We just lived through the hottest summer on record, according to NASA

Impact

We just lived through the hottest August on record, in the hottest summer on record, during the hottest 11 months on record, according to a report released Monday by NASA. 

NASA has been analyzing global temperatures going all the way back to 1880 — when global temperatures first began being comprehensively recorded — which means this is the hottest its been in at least 136 years.

Scientists at the agency's Goddard Institute for Space Studies explained in the report that while July is ordinarily the hottest month of the year, August tied it this year.

In addition to being tied for the hottest month on record, August was 1.76 degrees Fahrenheit warmer than the month's average temperature between 1951 and 1980, GISS' base period to which subsequent data is compared.

While the increases in temperature may seem incremental, the cumulative effect can be devastating. 

NASA GISS

"Monthly rankings, which vary by only a few hundredths of a degree, are inherently fragile," Gavin Schmidt, director of GISS, said in the report. "We stress that the long-term trends are the most important for understanding the ongoing changes that are affecting our planet."

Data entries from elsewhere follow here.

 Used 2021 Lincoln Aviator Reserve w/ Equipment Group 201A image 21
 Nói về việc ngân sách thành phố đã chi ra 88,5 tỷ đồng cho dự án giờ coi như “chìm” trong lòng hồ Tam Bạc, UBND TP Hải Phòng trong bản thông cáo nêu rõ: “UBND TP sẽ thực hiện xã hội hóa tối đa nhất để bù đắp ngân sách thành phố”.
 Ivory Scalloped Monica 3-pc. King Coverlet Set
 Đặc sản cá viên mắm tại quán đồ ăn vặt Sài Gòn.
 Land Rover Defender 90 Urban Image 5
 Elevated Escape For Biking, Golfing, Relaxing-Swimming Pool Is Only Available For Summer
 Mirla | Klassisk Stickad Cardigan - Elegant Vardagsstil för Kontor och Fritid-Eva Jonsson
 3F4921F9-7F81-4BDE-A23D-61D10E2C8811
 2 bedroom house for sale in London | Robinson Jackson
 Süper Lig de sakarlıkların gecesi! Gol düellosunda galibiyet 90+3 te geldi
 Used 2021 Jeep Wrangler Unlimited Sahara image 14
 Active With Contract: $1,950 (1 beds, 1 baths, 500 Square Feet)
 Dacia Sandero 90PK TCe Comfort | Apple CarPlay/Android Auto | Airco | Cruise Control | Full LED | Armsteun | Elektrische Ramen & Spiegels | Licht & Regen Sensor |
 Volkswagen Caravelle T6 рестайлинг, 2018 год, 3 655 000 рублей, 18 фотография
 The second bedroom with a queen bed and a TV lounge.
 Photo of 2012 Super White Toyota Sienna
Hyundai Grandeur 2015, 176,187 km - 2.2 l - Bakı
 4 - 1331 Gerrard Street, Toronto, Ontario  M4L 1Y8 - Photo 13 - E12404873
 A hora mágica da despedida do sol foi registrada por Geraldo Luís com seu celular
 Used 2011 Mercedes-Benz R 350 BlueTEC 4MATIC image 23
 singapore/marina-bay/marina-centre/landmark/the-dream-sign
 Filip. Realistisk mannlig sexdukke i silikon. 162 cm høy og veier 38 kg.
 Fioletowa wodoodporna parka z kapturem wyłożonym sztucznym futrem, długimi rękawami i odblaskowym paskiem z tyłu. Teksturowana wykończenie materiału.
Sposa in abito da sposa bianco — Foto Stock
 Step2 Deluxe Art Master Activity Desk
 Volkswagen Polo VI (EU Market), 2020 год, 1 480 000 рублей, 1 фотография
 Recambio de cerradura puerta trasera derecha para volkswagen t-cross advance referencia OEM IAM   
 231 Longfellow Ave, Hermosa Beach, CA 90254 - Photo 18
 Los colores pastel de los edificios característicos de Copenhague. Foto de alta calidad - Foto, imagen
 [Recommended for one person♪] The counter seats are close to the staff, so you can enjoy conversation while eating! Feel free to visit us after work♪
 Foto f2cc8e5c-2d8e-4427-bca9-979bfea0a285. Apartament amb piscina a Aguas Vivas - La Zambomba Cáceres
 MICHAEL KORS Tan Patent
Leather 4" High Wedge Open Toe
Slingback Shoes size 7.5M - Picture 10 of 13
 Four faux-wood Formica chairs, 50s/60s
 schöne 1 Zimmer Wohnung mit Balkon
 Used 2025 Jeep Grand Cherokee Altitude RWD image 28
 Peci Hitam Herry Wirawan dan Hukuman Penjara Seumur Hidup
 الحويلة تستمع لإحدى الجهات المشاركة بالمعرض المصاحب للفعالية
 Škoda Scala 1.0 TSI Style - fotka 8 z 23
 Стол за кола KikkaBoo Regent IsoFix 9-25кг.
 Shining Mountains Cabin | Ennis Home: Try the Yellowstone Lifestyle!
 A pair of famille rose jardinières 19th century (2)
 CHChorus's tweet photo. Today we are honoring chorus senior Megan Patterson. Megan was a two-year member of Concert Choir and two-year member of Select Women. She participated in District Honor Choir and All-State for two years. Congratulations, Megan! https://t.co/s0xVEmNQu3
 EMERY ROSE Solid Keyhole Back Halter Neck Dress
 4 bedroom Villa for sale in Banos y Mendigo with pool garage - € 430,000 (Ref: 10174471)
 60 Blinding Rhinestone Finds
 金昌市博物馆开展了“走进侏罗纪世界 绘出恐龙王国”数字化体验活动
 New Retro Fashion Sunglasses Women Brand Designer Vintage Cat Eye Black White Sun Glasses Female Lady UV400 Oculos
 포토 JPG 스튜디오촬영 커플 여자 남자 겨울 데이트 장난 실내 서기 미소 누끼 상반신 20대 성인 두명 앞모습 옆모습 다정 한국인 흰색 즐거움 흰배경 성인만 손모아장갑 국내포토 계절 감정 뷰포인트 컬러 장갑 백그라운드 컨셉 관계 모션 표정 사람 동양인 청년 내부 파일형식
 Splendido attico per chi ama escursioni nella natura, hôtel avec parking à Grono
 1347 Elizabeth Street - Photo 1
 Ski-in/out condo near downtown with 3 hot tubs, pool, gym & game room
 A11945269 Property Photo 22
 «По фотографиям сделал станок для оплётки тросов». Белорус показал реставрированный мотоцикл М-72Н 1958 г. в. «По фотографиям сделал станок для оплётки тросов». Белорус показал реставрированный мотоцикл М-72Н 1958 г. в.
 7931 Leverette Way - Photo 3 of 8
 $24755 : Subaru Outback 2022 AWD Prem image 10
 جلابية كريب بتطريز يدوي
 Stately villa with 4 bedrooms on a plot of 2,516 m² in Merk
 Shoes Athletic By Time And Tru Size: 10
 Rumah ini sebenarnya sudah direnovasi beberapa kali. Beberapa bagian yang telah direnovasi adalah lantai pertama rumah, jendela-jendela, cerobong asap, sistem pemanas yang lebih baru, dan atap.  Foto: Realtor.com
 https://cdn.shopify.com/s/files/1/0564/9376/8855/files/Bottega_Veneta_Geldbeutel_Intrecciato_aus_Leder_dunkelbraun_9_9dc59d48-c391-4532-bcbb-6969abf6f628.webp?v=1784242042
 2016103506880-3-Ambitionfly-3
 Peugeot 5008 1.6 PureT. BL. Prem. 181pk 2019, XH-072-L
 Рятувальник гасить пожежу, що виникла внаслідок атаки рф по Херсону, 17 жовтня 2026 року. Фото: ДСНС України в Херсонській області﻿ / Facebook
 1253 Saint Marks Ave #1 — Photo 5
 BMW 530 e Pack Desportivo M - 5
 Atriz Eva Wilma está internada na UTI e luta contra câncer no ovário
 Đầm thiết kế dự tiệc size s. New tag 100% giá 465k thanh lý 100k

For example, as global temperatures rise, temperatures in the Arctic are rising even faster. As the earth becomes warmer, ice in the Arctic melts. The ice, however, crucially reflects energy from the sun back into space, and when it melts, the water and rocks that take its place absorb more of the sun's energy — making temperatures even hotter in the region. 

In an interview with the New York Times published Thursday, President Barack Obama called the situation "terrifying."

"What makes climate change difficult is that it is not an instantaneous catastrophic event," Obama told the Times. "It's a slow-moving issue that, on a day-to-day basis, people don't experience and don't see."